202 Million private Chinese resumes exposed

On December 28th, Bob Diachenko, Director of Cyber Risk Research at Hacken.io and bug bounty platform HackenProof, analyzed the data stream of BinaryEdge search engine and identified an open and unprotected MongoDB instance:

PIC1

The same IP also appeared in Shodan search results:

PIC2

Upon closer inspection, an 854 GB sized MongoDB database was left unattended, with no password/login authentication needed to view and access the details of what appeared to be more than 200 million very detailed resumes of Chinese job seekers.

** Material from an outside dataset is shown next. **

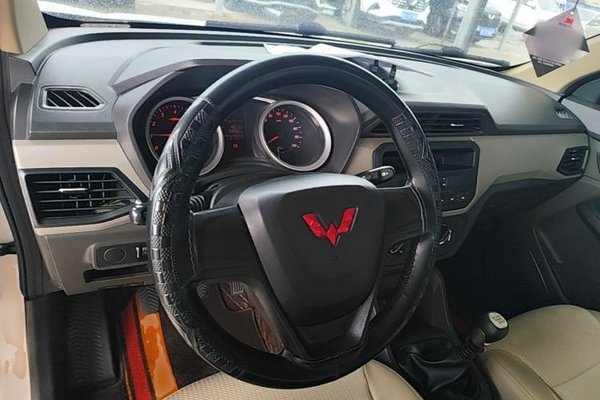 Wuling Hongguang 2021, 71000 км, за 6245 USD - фото 12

Each of the 202,730,434 records contained the details not only on the candidates’ skills and work experience but also on their personal info, such as mobile phone number, email, marriage, children, politics, height, weight, driver license, literacy level, salary expectations and more.

 

See more details in the PDF factsheet

 

The origin of the data remained unknown until one of my Twitter followers pointed to a GitHub repository (page is no longer available but it is still saved in Google cache)  which contained a web app source code with identical structural patterns as those used in the exposed resumes:

git

 

git2

 

git3

 

The tool named “data-import” (created 3 years ago) seems to have been created to scrape data (resumes) from different Chinese classifieds, like bj.58.com and others.

 

PIC3

 

It is unknown, whether it was an official application or illegal one used to collect all the applicants’ details, even those labeled as ‘private’.

Upon additional request, the security team of BJ.58.com did not confirm that the data originated from their source:

We have searched all over the database of us and investigated all the other storage, turned out that the sample data is not leaked from us.

It seems that the data is leaked from a third party who scrape data from many CV websites.

Shortly after my notification on Twitter, the database had been secured. It’s worth noting that MongoDB log showed at least a dozen IPs who might have accessed the data before it was taken offline.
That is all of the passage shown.